WHAT YOU HAVE TO DO. Repeat each record below exactly, dropping the pictures.

Extracted data entries:
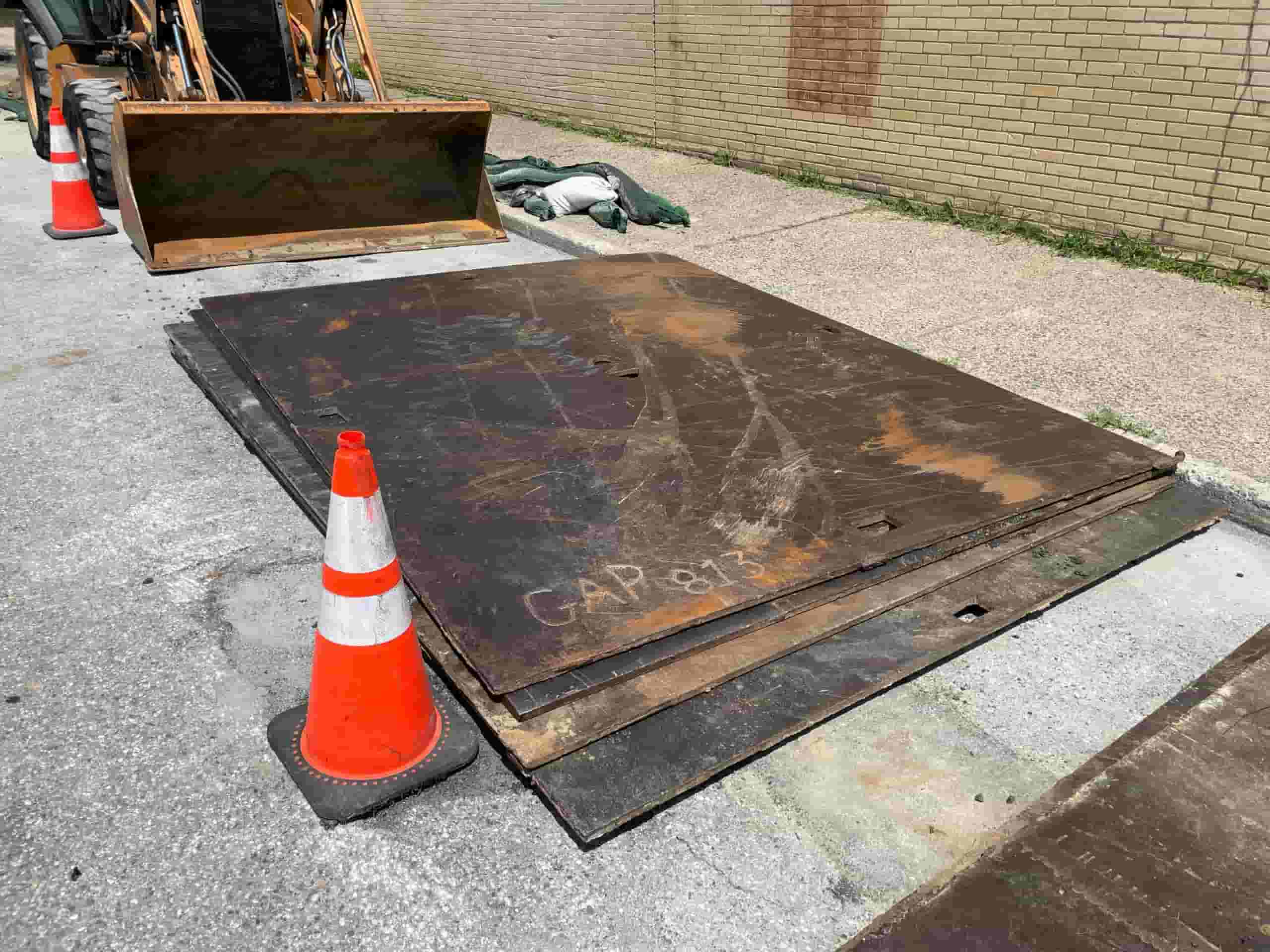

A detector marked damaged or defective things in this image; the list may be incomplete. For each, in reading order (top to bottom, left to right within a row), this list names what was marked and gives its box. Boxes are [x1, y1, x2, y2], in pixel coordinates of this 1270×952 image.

rust stain on steel plate [193, 255, 1173, 695]
rusty steel plate [193, 257, 1173, 695]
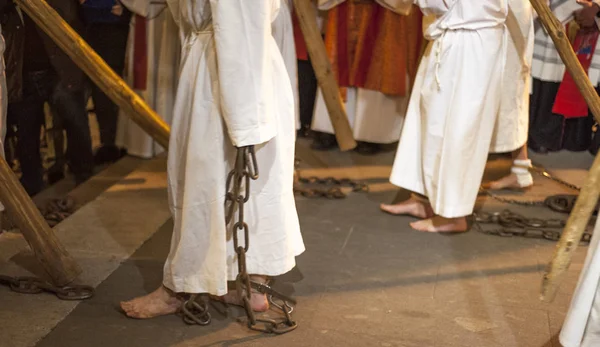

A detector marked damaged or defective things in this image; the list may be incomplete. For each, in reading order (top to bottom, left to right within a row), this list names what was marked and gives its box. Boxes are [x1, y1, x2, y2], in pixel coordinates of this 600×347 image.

rusty iron chain [476, 166, 592, 242]
rusty iron chain [0, 276, 94, 300]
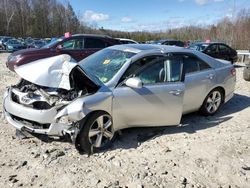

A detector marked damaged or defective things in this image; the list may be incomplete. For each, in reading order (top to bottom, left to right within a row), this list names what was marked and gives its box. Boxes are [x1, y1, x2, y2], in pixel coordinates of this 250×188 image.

crumpled hood [14, 54, 77, 90]
severe front damage [2, 55, 112, 142]
shattered windshield [79, 48, 135, 83]
wrecked sedan [2, 44, 235, 153]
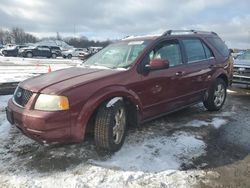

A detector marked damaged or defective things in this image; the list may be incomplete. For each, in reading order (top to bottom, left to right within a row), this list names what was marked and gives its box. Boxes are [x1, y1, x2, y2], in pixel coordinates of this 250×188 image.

damaged vehicle [5, 30, 233, 152]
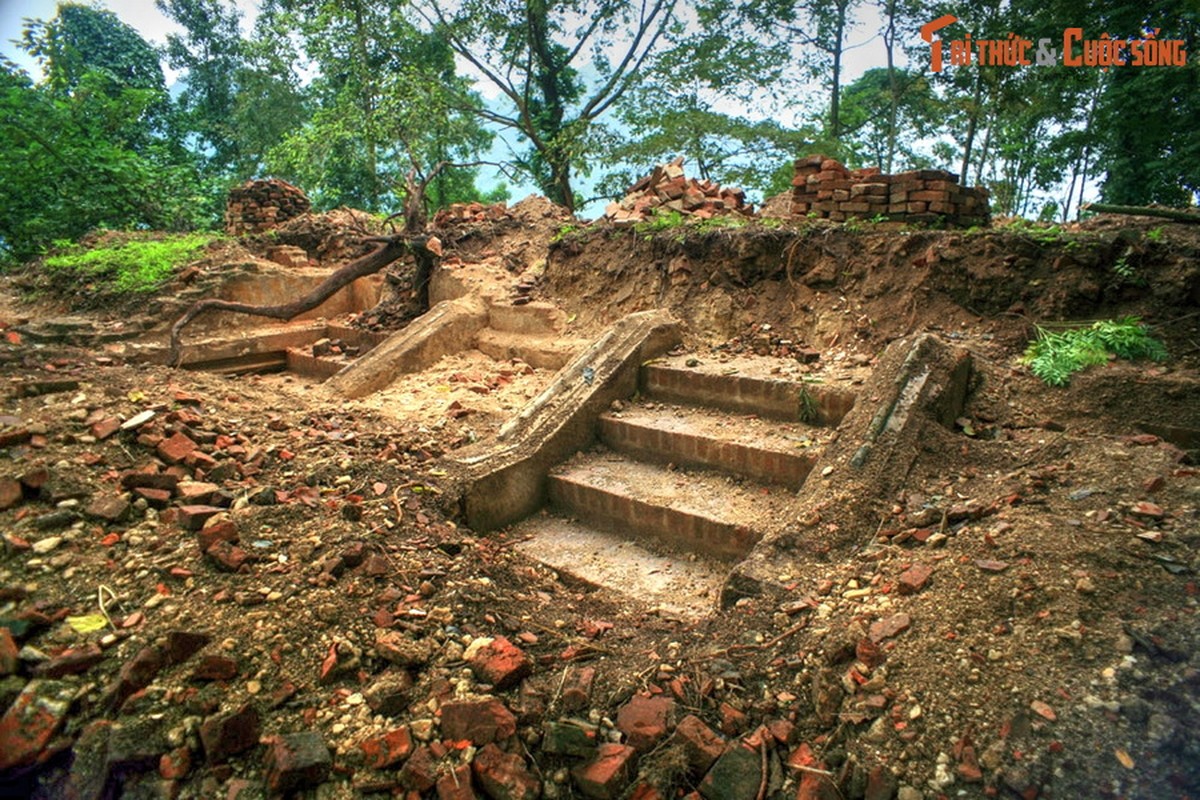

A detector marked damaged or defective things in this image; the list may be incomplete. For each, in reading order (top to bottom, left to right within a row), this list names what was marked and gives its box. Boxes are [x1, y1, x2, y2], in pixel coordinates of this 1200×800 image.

broken red brick [157, 434, 196, 465]
broken red brick [897, 563, 931, 594]
broken red brick [468, 638, 530, 690]
broken red brick [265, 734, 331, 796]
broken red brick [355, 724, 412, 767]
broken red brick [441, 695, 516, 748]
broken red brick [472, 743, 540, 800]
broken red brick [571, 743, 638, 800]
broken red brick [619, 695, 676, 753]
broken red brick [676, 714, 720, 777]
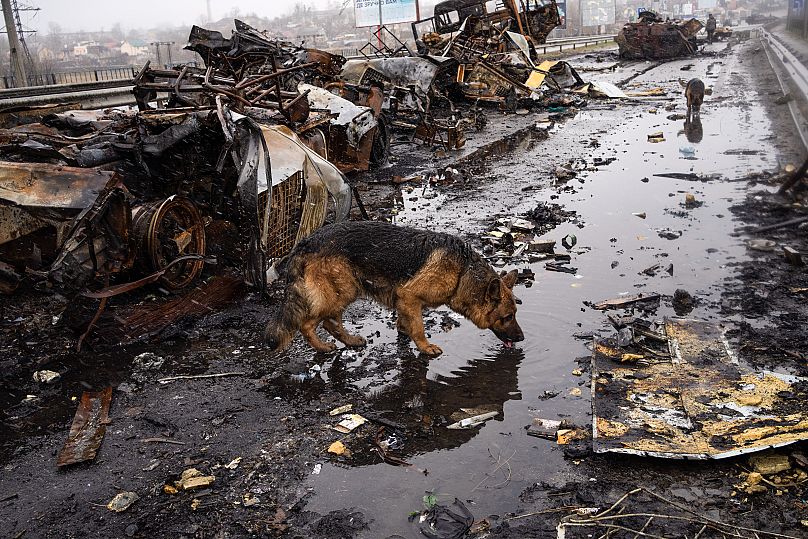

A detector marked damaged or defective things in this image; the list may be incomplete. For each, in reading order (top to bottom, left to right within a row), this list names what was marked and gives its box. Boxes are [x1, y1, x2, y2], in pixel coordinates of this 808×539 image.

burnt truck cab [410, 0, 560, 48]
charred tire [370, 115, 392, 169]
rusty metal sheet [0, 160, 115, 209]
burnt sheet metal panel [0, 159, 115, 210]
charred tire [131, 197, 207, 288]
rusty metal sheet [56, 388, 113, 468]
burnt sheet metal panel [56, 388, 113, 468]
burnt sheet metal panel [592, 318, 808, 462]
rusty metal sheet [592, 318, 808, 462]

RESPONSE BELOW.
A detector marked damaged or defective things in this image; the list may be incomplete. For each, in reading order (top to bottom, left to right within a row), this list names what was marked and gives its box. Boxes are [x1, y1, x2, y2], in pixel coordinates of this 1270×952 image.

rust stain on steel plate [193, 255, 1173, 695]
rusty steel plate [193, 257, 1173, 695]

A detector marked damaged or defective things in this image; the list may be incomplete. For each, in reading order (top to bottom, left to right within a row), this list names what was marked and gives its box. Boxes are [x1, y1, x2, y2], in pixel coordinates of this 600×347 image.

rusty iron chain [476, 166, 592, 242]
rusty iron chain [0, 276, 94, 300]

A detector marked damaged or defective things in this image; the list may be incomplete. For each, in reading order (top to bottom, left to right within a row), this list names what was marked and gives its box. Boxes are [x1, y1, x2, y2], in pixel coordinates of this 250×188 image.

crumpled hood [14, 54, 77, 90]
severe front damage [2, 55, 112, 142]
shattered windshield [79, 48, 135, 83]
wrecked sedan [2, 44, 235, 153]

A detector marked damaged or defective things in this image; the list may be incomplete. For each, in reading order (top to bottom, left to right within a row), this list names what was marked and gives its box. Boxes are [x1, y1, x2, y2], in pixel coordinates of this 250×188 image.

damaged vehicle [5, 30, 233, 152]

A detector marked damaged or defective things in this image; the list may be incomplete. For each, in reading order (top to bottom, left to right within a row), this list names what was marked and gives its box. Boxes are [x1, y1, x2, y2], in pixel coordinates of this 1200×800 image.

broken red brick [157, 434, 196, 465]
broken red brick [897, 563, 931, 594]
broken red brick [468, 638, 530, 690]
broken red brick [265, 734, 331, 796]
broken red brick [355, 724, 412, 767]
broken red brick [441, 695, 516, 748]
broken red brick [472, 743, 540, 800]
broken red brick [571, 743, 638, 800]
broken red brick [619, 695, 676, 753]
broken red brick [676, 714, 720, 777]

A detector marked damaged or defective things in this image; the list may be incomplete. For each, in reading order (top to bottom, left to right within a row), this list names what was marked and gives its box. Boxes are [x1, y1, x2, y2], in pixel coordinates of this 808×539 image.

burnt truck cab [410, 0, 560, 48]
charred tire [370, 115, 392, 169]
rusty metal sheet [0, 160, 115, 209]
burnt sheet metal panel [0, 159, 115, 210]
charred tire [131, 197, 207, 288]
rusty metal sheet [56, 388, 113, 468]
burnt sheet metal panel [56, 388, 113, 468]
burnt sheet metal panel [592, 318, 808, 462]
rusty metal sheet [592, 318, 808, 462]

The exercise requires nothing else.